An adaptation to cinema of any kind is a challenge and it is no different for the closing film of this years’ Glasgow Film Festival, Beats.
Kieran Hurley’s stage play is set in a Scottish town that follows two best friends, Johnno (Cristian Ortega) and Spanner (Lorn MacDonald), in what is a coming of age film set against the backdrop of the ’90s rave scene.
Director Brian Welsh grabs your attention immediately with the films striking black and white display. It is set in a time of youth up-rise against the establishment in protest of The Criminal Justice and Public Order Act 1994 that makes “gatherings of people around music characterised wholly or pre-dominantly by the emission of a succession of repetitive beats” illegal.
This gives way to the pair in revolt following the path to an illegal rave in what you feel is their last big blowout together.
You are convincingly taken back to the 90s with the films general aesthetics and also snippets of Tony Blair launching New Labour on TV in what is then Britain under the Conservatives.
From the very beginning, you witness social division; Spanner in a high-rise flat with his older drug dealer brother, Fido (Neil Leiper). You then have Johnno in a nice house and a seemingly nice family environment.
There is a subtle tone of sadness in Beats, highlighted through Spanner’s relationship with his abusive brother. We witness a moment of humiliation where Spanner is thrown outside in nothing but pants to the equally uncomfortable scene involving a cooker.
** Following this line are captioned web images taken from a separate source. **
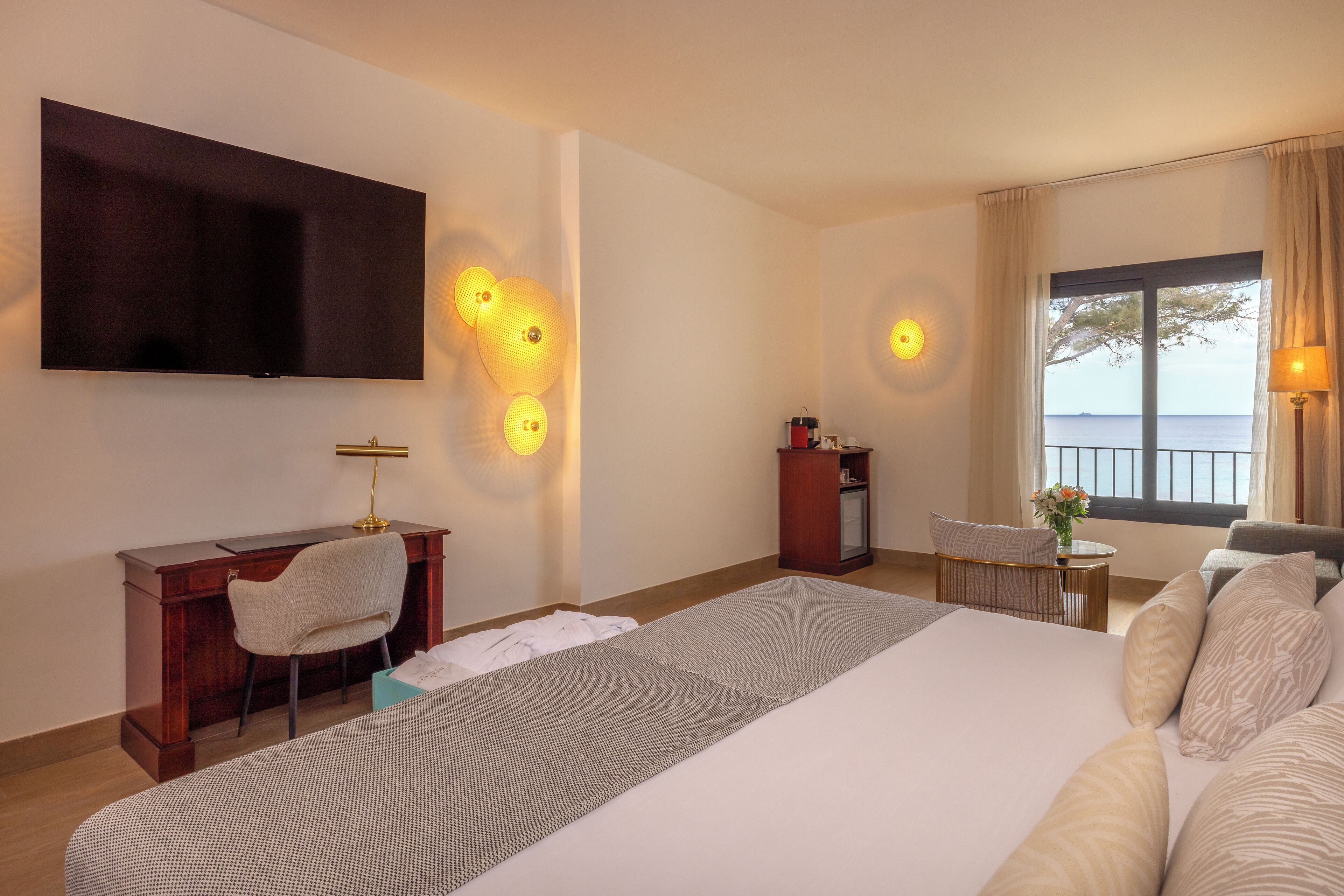 Secrets Mallorca Villamil (Adults Only) Secrets Mallorca Villamil (Adults Only)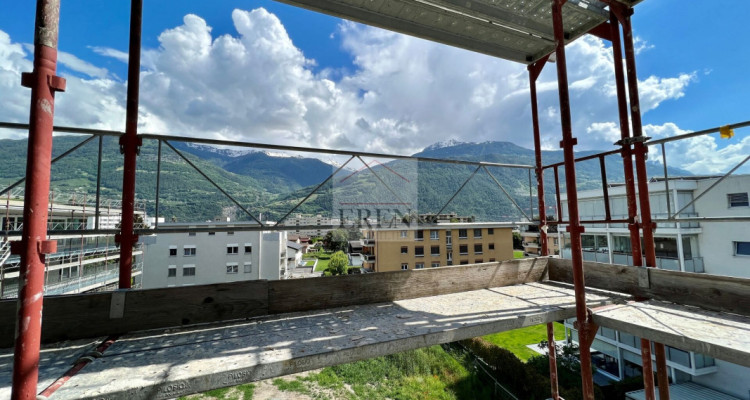 Magnifique et lumineux attique sud-ouest 3,5 pièces ou 4 pièces vitrés et balcon-terrasse panoramique sud-ouest de 45 m2 image 7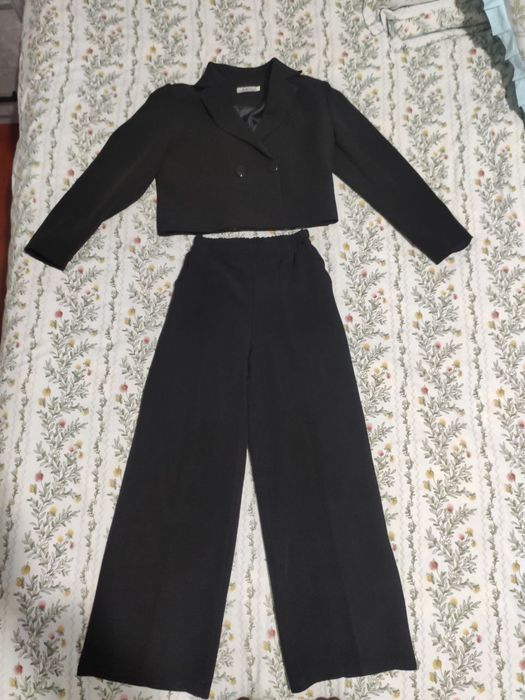 Продаётся кастюм и брюки для девочек 10-13 дет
The latter is key as it acts as the catalyst for the events to follow and the journey to the illegal rave with Spanner stealing his brothers’ money.
There is natural chemistry and genuine affection between Cristian Ortega and Lorn MacDonald. Yes, it seems the only mutual interest between the two is music but despite this, it still feels like a genuine connection.
It is hard, though, to not draw parallels with these characters and their relationship to that of Trainspotting’s Renton and Sick Boy. And even that of the relationship between Renton and Spud.
These characters are an influence to Hurley in some way but don’t quite have that same magic.
Lorn MacDonald as Spanner is the stand-out performance that carries the emotional elements to the film in what is the actors’ cinema debut. You are automatically drawn to this eccentric character and how MacDonald handles the complexity of his personal struggles. It is a performance that forms the heart of Beats.
To counter that melancholy there are moments of comedic relief that are genuinely funny. The pace of the film, however, is an issue when we reach the final act and the illegal rave. The film has a great opening scene and a steady build throughout but when we get to the rave it all falls flat.
You begin to feel lost but not in a good way during a scene where there is a psychedelic light show, of sorts. It continues for longer than it should and is borderline indulgent to the point where you disengage with the film.
What is a surprise is that music is the backbone to the film yet is used sparingly, it feels, in the opening and, of course, final scene.
The politics it does tap into is only momentarily and is a lost opportunity to add further depth to the story.
At the start of Beats, you feel the high of the unknown ahead but feel the harsh reality of the comedown when it doesn’t quite deliver.